Substituting Equation (9) into Equation (10), and solving Equation (10), the relationship between the stress and the normal strain yields Equation (11).

$$\sigma =\frac{\left(E_t+E_s\right)\cos \theta }{1-{\epsilon }_n},{\epsilon }_n=\frac{\sigma \cos \theta }{E_n}$$

(11)

From Equation (11), an apparently stable path for the confined force chain could be achieved when the force chain structure keeps straight from the beginning of loading, which corresponds to

$$\sigma =E_n{\epsilon }_n$$

(12)

Solving Equation (11), $\sigma$, ${\epsilon }_n$ and $\epsilon$ could be obtained, which yields

$$\sigma =\frac{E_n}{2\cos \theta }\left(1-\sqrt{1-4\cos \theta \frac{\left(E_t+E_s\right)}{E_n}}\right)$$

(13)

$${\epsilon }_n=\frac{1}{2}\left(1-\sqrt{1-4\cos \theta \frac{\left(E_t+E_s\right)}{E_n}}\right)$$

(14)

$$\epsilon =1-\frac{1}{2}\left(1+\sqrt{1-4\cos \theta \frac{\left(E_t+E_s\right)}{E_n}}\right)\cos \theta$$

(15)

Another stable path could be acquired when $\theta$ is zero and this critical point with the stress and strain of Equations (16) and (17) corresponds to a buckling load of the force chain system.

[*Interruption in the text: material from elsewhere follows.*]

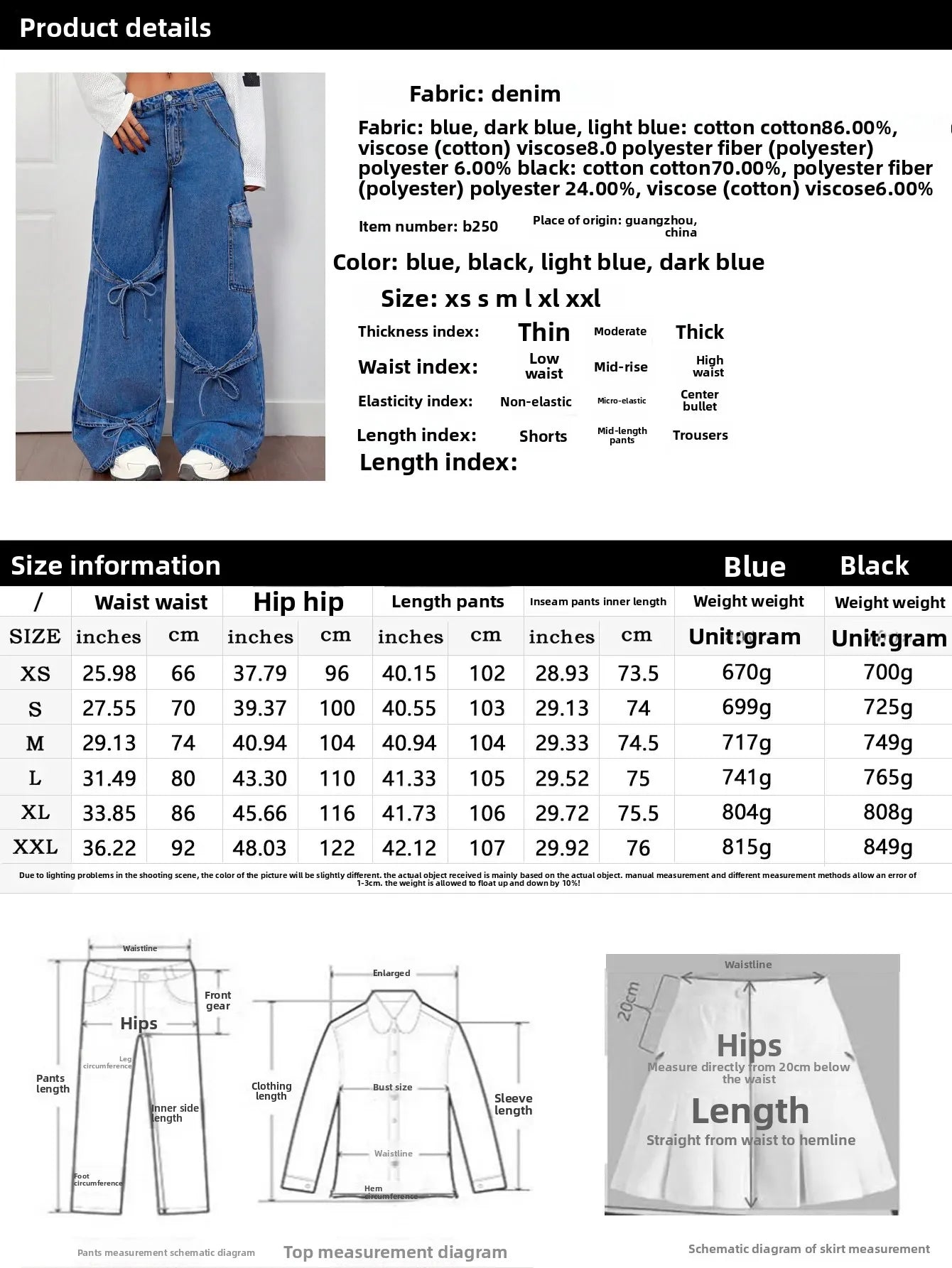 Vaqueros Mujer Pierna Recta Workwear - Jeans Sueltos Casual Cintura Media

$${\sigma }_{cr}=\frac{E_n}{2}\left(1-\sqrt{1-4\frac{\left(E_t+E_s\right)}{E_n}}\right)$$

(16)

$${\epsilon }_{cr}={\epsilon }_n=\frac{1}{2}\left(1-\sqrt{1-4\frac{\left(E_t+E_s\right)}{E_n}}\right)$$

(17)

To conduct Taylor expansion for Equation (16) and Equation (17) at $E_t+E_s/E_n=0$, the results obtained are as follows.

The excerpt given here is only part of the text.